TASK TO CARRY OUT:
If a line holds the word "Radiopaedia", copy it from the entries.

(Records from a data source)
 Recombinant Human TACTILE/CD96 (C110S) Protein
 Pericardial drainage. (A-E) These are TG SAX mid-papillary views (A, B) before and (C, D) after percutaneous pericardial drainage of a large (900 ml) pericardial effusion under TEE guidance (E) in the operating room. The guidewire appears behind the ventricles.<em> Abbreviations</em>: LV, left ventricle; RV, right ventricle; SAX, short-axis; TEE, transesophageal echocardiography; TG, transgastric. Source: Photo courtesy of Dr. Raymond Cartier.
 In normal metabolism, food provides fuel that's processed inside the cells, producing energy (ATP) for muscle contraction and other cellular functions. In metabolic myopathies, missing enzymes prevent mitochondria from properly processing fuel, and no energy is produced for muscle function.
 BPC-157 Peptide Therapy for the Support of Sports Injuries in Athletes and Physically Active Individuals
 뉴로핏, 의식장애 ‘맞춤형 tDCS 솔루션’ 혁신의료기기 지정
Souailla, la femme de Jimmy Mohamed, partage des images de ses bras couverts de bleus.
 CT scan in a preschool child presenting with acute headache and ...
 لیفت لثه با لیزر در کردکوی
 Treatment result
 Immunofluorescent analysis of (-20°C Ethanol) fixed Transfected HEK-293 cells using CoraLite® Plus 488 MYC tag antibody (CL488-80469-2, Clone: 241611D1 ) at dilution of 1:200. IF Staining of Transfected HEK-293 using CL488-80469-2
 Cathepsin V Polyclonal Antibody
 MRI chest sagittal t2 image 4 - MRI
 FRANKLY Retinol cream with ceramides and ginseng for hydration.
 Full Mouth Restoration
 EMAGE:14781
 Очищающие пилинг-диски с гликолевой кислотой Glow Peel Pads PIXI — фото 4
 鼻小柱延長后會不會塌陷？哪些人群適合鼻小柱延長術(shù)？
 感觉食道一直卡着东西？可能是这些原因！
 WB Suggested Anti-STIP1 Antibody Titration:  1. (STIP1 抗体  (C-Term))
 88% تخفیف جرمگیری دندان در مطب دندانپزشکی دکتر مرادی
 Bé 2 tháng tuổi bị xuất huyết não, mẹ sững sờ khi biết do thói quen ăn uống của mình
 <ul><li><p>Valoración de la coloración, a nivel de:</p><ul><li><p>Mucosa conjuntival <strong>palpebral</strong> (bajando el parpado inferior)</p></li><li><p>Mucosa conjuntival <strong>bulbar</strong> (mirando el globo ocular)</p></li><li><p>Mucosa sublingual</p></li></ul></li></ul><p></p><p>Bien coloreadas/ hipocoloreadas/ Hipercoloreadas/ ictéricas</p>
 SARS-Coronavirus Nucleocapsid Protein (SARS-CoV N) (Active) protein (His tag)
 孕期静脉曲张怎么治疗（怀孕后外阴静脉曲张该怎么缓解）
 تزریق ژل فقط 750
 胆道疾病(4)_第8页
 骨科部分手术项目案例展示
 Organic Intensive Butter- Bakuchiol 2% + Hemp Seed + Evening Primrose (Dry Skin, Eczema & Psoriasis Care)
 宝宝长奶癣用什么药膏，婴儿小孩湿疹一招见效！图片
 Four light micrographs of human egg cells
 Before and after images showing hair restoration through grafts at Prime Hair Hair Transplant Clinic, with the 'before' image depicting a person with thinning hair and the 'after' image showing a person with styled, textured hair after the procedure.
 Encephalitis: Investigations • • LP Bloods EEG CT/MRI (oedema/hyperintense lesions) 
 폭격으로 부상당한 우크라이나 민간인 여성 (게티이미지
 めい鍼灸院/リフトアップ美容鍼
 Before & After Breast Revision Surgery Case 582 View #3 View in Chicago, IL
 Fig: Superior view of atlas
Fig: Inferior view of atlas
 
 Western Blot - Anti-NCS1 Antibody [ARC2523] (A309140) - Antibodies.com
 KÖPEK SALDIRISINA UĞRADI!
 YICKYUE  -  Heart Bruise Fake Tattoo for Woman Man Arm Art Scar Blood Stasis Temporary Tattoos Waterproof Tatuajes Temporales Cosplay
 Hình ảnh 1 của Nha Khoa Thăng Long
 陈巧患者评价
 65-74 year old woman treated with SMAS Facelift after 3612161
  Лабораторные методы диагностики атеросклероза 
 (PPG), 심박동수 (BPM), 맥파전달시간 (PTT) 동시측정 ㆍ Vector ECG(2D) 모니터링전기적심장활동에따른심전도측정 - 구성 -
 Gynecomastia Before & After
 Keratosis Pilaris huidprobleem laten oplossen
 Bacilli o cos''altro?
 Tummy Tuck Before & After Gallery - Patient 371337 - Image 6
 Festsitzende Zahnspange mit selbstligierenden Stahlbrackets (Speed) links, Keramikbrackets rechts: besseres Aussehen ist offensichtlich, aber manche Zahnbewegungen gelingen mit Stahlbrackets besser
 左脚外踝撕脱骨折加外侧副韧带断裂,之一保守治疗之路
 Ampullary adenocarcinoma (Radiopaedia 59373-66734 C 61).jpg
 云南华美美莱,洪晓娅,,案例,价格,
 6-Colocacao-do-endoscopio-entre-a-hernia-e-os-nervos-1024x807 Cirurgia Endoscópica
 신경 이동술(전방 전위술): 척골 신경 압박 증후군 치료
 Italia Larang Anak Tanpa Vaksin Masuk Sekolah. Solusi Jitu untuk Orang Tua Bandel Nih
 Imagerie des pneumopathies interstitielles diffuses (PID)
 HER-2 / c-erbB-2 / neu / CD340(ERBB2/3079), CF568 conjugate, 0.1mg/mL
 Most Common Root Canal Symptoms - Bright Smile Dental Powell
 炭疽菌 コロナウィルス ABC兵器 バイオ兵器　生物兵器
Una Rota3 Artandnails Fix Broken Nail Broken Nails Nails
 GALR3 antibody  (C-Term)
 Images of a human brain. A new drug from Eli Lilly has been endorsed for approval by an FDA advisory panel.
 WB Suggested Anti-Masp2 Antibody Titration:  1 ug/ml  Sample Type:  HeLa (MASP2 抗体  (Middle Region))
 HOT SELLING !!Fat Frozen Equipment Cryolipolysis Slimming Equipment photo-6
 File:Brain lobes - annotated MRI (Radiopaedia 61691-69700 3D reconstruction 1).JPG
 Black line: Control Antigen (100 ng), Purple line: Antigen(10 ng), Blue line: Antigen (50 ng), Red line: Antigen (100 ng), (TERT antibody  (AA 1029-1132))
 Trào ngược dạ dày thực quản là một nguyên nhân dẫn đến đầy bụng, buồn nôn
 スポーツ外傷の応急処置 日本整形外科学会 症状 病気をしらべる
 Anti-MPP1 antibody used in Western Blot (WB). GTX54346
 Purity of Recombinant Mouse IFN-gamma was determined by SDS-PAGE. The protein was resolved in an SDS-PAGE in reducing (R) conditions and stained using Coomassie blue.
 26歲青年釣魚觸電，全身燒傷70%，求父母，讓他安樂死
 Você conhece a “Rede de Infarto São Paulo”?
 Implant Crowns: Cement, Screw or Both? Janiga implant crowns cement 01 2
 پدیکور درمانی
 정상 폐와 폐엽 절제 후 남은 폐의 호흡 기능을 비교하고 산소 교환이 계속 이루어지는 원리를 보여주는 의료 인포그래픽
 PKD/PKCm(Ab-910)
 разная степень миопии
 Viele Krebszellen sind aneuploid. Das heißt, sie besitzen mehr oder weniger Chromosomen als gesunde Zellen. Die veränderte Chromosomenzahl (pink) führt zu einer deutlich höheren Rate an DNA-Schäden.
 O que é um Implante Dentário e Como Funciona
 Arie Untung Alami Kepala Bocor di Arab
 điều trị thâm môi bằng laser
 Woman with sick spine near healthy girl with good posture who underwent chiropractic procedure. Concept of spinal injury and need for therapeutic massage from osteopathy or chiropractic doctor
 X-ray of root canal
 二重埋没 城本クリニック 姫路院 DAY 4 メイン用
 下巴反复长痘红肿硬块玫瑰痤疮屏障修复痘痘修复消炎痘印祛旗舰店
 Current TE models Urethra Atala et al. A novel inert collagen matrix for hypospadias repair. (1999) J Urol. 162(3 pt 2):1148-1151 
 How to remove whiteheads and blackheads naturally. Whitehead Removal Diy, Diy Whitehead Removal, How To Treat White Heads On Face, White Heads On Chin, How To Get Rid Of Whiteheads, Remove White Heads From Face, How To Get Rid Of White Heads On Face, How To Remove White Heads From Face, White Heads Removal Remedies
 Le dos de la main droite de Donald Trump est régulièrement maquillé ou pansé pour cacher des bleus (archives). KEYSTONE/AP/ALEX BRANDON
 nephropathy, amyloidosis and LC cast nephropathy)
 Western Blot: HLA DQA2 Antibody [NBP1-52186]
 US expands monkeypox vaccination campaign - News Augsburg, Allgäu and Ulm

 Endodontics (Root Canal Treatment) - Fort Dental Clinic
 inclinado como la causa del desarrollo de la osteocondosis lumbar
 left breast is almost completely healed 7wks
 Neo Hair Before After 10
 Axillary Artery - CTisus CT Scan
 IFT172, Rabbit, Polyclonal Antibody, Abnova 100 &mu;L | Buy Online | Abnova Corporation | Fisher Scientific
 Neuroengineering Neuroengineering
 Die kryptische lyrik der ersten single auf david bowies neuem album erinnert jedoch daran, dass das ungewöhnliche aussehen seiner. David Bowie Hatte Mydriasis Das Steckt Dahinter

ANSWER SECTION:
 Ampullary adenocarcinoma (Radiopaedia 59373-66734 C 61).jpg
 File:Brain lobes - annotated MRI (Radiopaedia 61691-69700 3D reconstruction 1).JPG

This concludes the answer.